Question

: A projectile is projected with velocity $k{v_e}$ in vertically upward direction from the ground into the space ( ${v_e}$ is escape velocity and\[k < 1\] ). If air resistance is considered to be negligible, then the maximum height from the centre of earth till which it can go will be (R= radius of earth).
(A) $\dfrac{R}{{{k^2} + 1}}$
(B) $\dfrac{R}{{{k^2} - 1}}$
(C) $\dfrac{R}{{1 - {k^2}}}$
(D) $\dfrac{R}{{k + 1}}$

Answer 1

Hint: Calculate the potential final and initial gravitational potential energy to and subtract the initial gravitational potential energy from final gravitational potential energy to get the gravitational kinetic energy and equate it with the projectile’s kinetic energy to get the maximum height travelled by the projectile.

Complete step by step answer
Gravitational force is an invisible force that pulls any two objects towards each other.
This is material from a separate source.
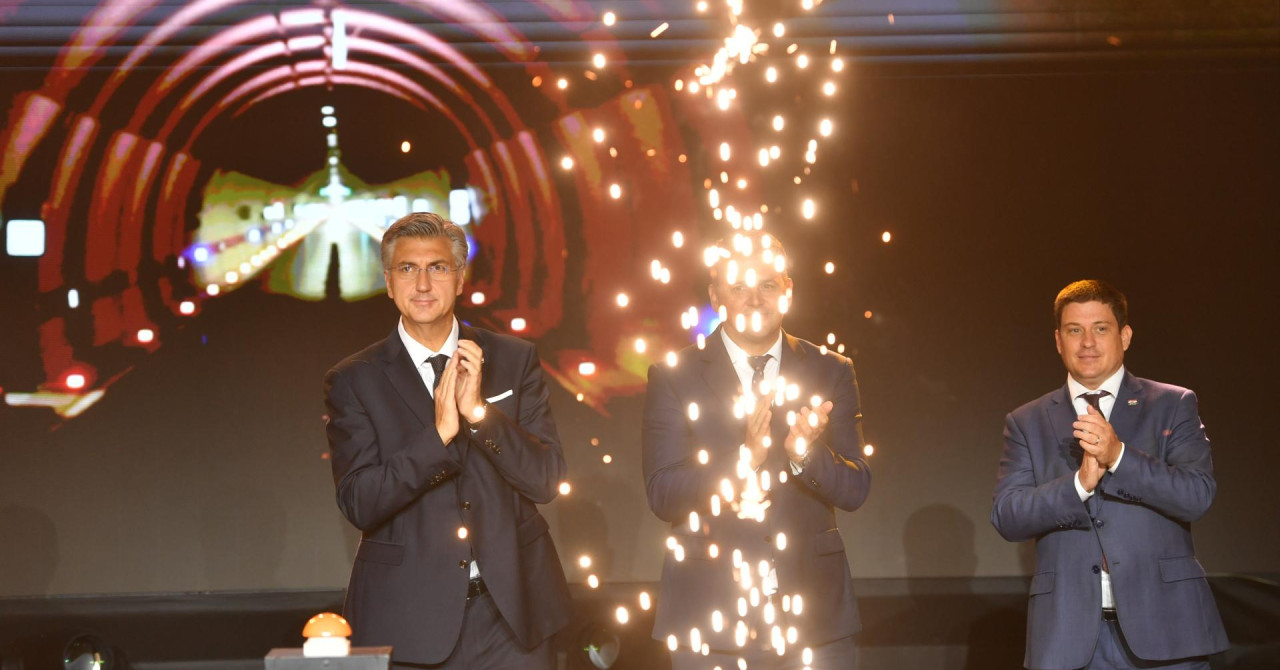 U promet puštena obnovljena cijev tunela Učka, Plenković: ‘Sada će se od Rijeke do Pule doći za sat vremena‘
Newton’s law of gravity states that every particle in the universe attracts every other particle with a force is equal to the product of two objects of masses divided by the square of their distance. The closer the objects are, the stronger the gravitational force.
Gravitational potential energy: the potential energy stored in an object is due to the gravitational force acting on the object. Every object in gravitational field has gravitational potential energy
The gravitational potential energy is calculated as follow
${U_g} = - \dfrac{{GMm}}{R}$
Where,
$M$ is the mass of the object 1
$m$ is the mass of the object 2
$R$ is the centre to centre distance between the object 1 and 2
$G$ is the gravitational constant
${U_g}$ is the gravitational potential energy
Given,
Potential energy at surface is ${U_i} = - \dfrac{{GMm}}{R}$
Potential energy at height h from the centre is final Potential energy is ${U_f} = - \dfrac{{GMm}}{h}$
$M$ is the mass of the earth
$m$ is the mass of the projectile
$R$ is the distance
$G$ is the gravitational constant
${U_i}$ is the initial gravitational potential energy at the surface of the earth
${U_f}$is the final potential energy at the centre at the height h
Difference in potential energy is ${U_f} - {U_i} = - \dfrac{{GMm}}{R} - ( - \dfrac{{GMm}}{h})$
$ \Rightarrow {U_f} - {U_i} = GMm( - \dfrac{1}{R} + \dfrac{1}{h})$
$ \Rightarrow {U_f} - {U_i} = GMm(\dfrac{{R - h}}{{rh}})$
$ \Rightarrow {U_f} - {U_i} = \dfrac{{GMm}}{R}(\dfrac{{R - h}}{h})$
$ \Rightarrow {U_f} - {U_i} = \dfrac{{GMm}}{R}(\dfrac{R}{h} - 1)$
$ \Rightarrow K.E = \dfrac{{GMm}}{R}(\dfrac{R}{h} - 1){\text{ }} \to 1$
This difference in potential energy is nothing but the kinetic energy supplied at the time of projection.
Kinetic energy is $K.E = \dfrac{1}{2}m{v^2}$
Velocity is of the projectile projected upwards is $k \times {v_e}$ , where ${v_e}$ is the escape velocity
We know that escape velocity is ${v_{esc}} = \sqrt {\dfrac{{2GM}}{R}} $
Then, Velocity is of the projectile projected upwards is $\left( {k\sqrt {\dfrac{{2GM}}{R}} } \right)$
$G$ is the gravitational constant
$M$ is the mass of the earth
$R$ is the radius of earth
Substitute all the above values in the formula.
$K.E = \dfrac{1}{2}m{v^2}$
$K.E = \dfrac{1}{2}m{\left( {k\sqrt {\dfrac{{2GM}}{R}} } \right)^2}$
$K.E = \dfrac{1}{2}m \times {k^2} \times {\left( {\sqrt {\dfrac{{2GM}}{R}} } \right)^2}$
$K.E = {k^2}\dfrac{{GMm}}{R}{\text{ }} \to {\text{2}}$
Equating the 1 and 2 we get
$\dfrac{{GMm}}{R}(\dfrac{R}{h} - 1){\text{ = }}{k^2}\dfrac{{GMm}}{R}$
$\dfrac{R}{h} - 1{\text{ = }}{k^2}$
$\dfrac{R}{h}{\text{ = }}{k^2} + 1$
$h = \dfrac{R}{{{k^2} + 1}}$

Hence the correct answer is option (A) $\dfrac{R}{{{k^2} + 1}}$

Note: The gravitational potential energy is a negative value because work is done by the gravitational field in bringing a mass from infinity if it is taken away from the earth.